*INPUT MATERIAL*:
= Beginning of Section =

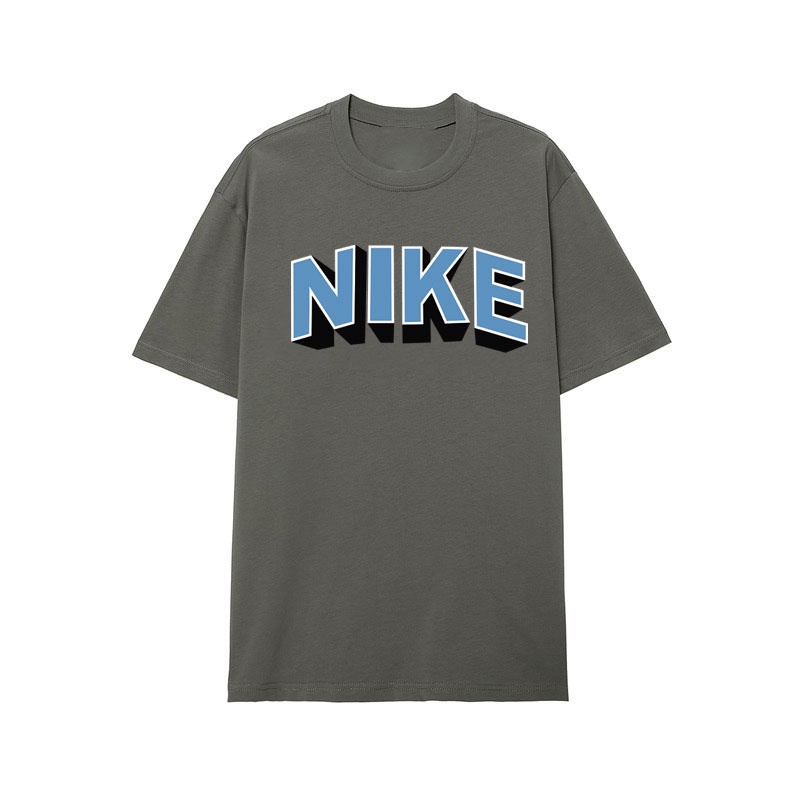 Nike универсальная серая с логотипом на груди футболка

= End of Section =
= Beginning of Section =

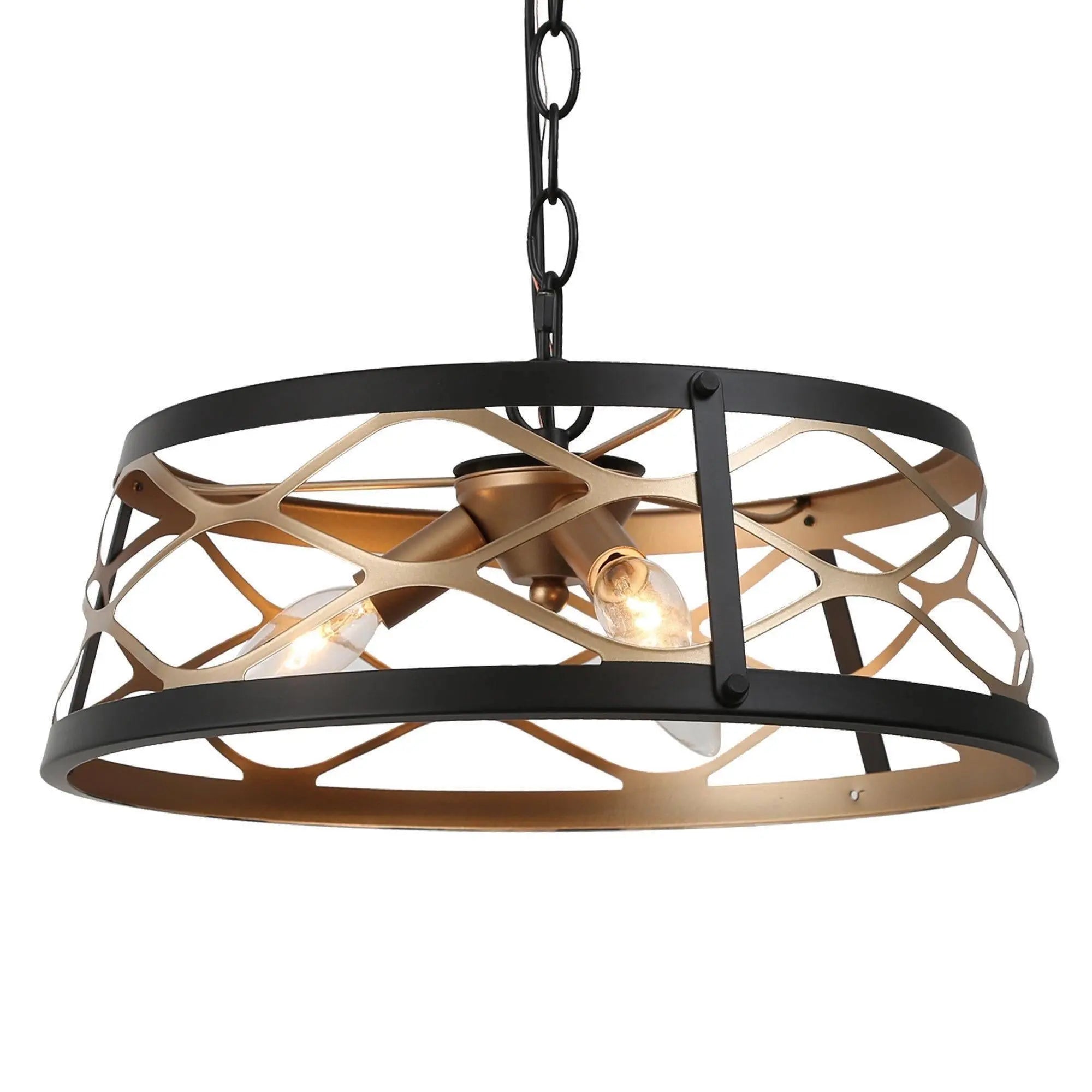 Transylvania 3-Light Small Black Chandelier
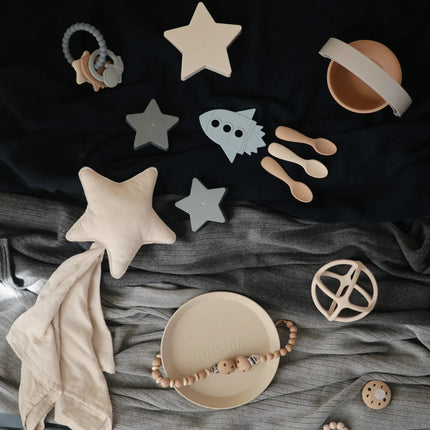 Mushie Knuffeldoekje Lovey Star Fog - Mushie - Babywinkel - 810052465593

= End of Section =

*TASK TO COMPLETE*: Make an exact copy of the lines above, beginning with the line with "Transylvania 3-Light Small Black Chandelier" and ending with the line with "Mushie Knuffeldoekje Lovey", and keep the pictures out of it.

*SOLUTION FOR THIS PROBLEM*:
 Transylvania 3-Light Small Black Chandelier
 Mushie Knuffeldoekje Lovey Star Fog - Mushie - Babywinkel - 810052465593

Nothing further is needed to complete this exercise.